三国鼎立

桓・靈之末、韓濊彊盛、郡縣不能制、民多流入韓國。
建安中、公孫康分屯有縣以南荒地為帯方郡、遣公孫模・張敞等收集遺民、興兵伐韓濊、舊民稍出、是後倭韓遂屬帯方。
景初中、明帝密遣帯方太守劉繒・樂浪太守鮮于嗣越海定二郡、諸韓國臣智加賜邑君印綬、其次與邑長。
(『三国志』巻三十、東夷伝

後漢末から三国時代にかけての遼東から韓国方面の情勢について。


遼東に割拠した公孫康は混乱に乗じて成長した韓濊に対抗し、遼東郡の東側にある楽浪郡を更に分割して帯方郡を新設した。どうやら、韓国方面に対する窓口、あるいは緩衝地帯(前線基地)にしていたように思われる。
公孫氏は以前に述べたように*1州をオリジナルで作っているが、同じように郡についてもオリジナリティを発揮していた。

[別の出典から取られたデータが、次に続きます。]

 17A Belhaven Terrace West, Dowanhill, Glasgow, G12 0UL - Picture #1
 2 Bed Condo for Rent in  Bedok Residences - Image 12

そして魏の時代になると、明帝は公孫氏へ対抗するために魏の帯方太守、楽浪太守を立てて密かに派遣し、海越えルートによってその二郡を平定したという。
景初年間ということは魏が遼東公孫氏を滅ぼす時の話である。司馬懿らの陸上ルートとは別に、この二太守が後方を攻めていたということなのだろう。



これまで自分は呉が遼東にまで兵を派遣できる状態にあったと述べたが、魏も完全に制海権を握られていたというわけでもなかった。


後漢末以来、渤海近辺から青州沿岸部の海域を巡っては、魏、呉、燕の三国による鼎立状態だったのかもしれない。